Canadian Human Rights Tribunal Tribunal canadien des droits de la personne

Entre :

Francine Desormeaux

la plaignante

- et -

Commission canadienne des droits de la personne

la Commission

- et -

Commission de transport régionale d'Ottawa-Carleton

l'intimée

Décision sur requête

Membre : Anne Mactavish
Date : Le 3 octobre 2002
Référence : Décision No. 3

[1] OC Transpo cherche à faire ajouter le Syndicat uni du transport (le Syndicat) comme intimé dans la présente instance. Pour les motifs que j’ai donnés hier, je suis convaincue que la Loi canadienne sur les droits de la personne (la Loi) me permet d’instruire la demande d’OC Transpo. Ce qu’il reste à trancher, c’est la question de savoir s’il y a lieu d’accueillir cette demande vu l’ensemble des circonstances de l’espèce.

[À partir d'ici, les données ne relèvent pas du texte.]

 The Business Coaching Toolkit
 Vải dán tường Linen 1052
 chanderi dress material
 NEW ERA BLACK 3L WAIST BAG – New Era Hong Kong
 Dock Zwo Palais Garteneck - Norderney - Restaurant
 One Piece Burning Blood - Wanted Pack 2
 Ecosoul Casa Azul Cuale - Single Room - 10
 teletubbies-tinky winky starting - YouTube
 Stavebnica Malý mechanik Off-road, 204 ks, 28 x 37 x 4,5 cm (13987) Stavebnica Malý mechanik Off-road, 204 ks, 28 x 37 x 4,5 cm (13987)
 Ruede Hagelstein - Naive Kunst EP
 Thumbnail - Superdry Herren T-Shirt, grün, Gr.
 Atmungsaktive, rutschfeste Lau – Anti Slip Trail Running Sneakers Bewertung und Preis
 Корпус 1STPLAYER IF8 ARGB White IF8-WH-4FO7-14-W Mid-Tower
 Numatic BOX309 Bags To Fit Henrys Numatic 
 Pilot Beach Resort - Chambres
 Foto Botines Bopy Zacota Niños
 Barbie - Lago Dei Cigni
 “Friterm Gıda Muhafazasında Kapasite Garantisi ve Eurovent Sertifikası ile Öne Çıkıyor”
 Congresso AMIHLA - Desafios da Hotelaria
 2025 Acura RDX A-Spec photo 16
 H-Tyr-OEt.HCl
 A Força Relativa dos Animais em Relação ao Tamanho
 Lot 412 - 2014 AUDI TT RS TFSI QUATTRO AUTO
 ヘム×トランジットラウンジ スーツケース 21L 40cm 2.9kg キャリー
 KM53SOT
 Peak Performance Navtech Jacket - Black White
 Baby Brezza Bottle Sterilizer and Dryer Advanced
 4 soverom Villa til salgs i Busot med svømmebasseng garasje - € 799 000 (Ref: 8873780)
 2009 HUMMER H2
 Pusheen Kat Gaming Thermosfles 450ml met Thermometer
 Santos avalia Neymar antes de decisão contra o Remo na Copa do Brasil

[2] OC Transpo dit que la présence du Syndicat est nécessaire pour lui permettre de présenter une défense pleine et entière contre la plainte de Mme Desormeaux. Selon l’employeur,  si je devais conclure en fin de compte qu’OC Transpo ne s’est pas bien acquittée de son obligation de s’adapter à la déficience de Mme Desormeaux, le Syndicat devrait être tenu conjointement responsable de tout le préjudice qu’aurait subi Mme Desormeaux, car le Syndicat n’a pas cerné les mesures nécessaires pour répondre adéquatement aux besoins de celle-ci.

[3] Bien que l’avocat du Syndicat ne s’oppose pas à l’idée que son client soit ajouté à titre d’intimé,  il dit que cette mesure ne s’impose pas. D’après M. McLuckie, aucune règle de droit n’oblige un syndicat à proposer des mesures d’adaptation à l’endroit d’un employé déficient. Il incombe plutôt aux syndicats de faciliter la prise des mesures d’adaptation choisies par l’employeur en consultation avec l’employé.

[4] Des problèmes peuvent survenir en ce qui concerne l’exécution d’ordonnances du Tribunal dans des milieux de travail syndiqués lorsque ces ordonnances prévoient la réintégration d’employés et touchent des questions telles les droits d’ancienneté ou l’application de la convention collective. En réponse à une question du Tribunal sur ce point, l’avocat du Syndicat s’est engagé au nom de son client à collaborer sans réserve à l’exécution de toute ordonnance que rendrait le Tribunal à l’encontre d’OC Tranpo relativement au retour au travail de Mme Desormeaux.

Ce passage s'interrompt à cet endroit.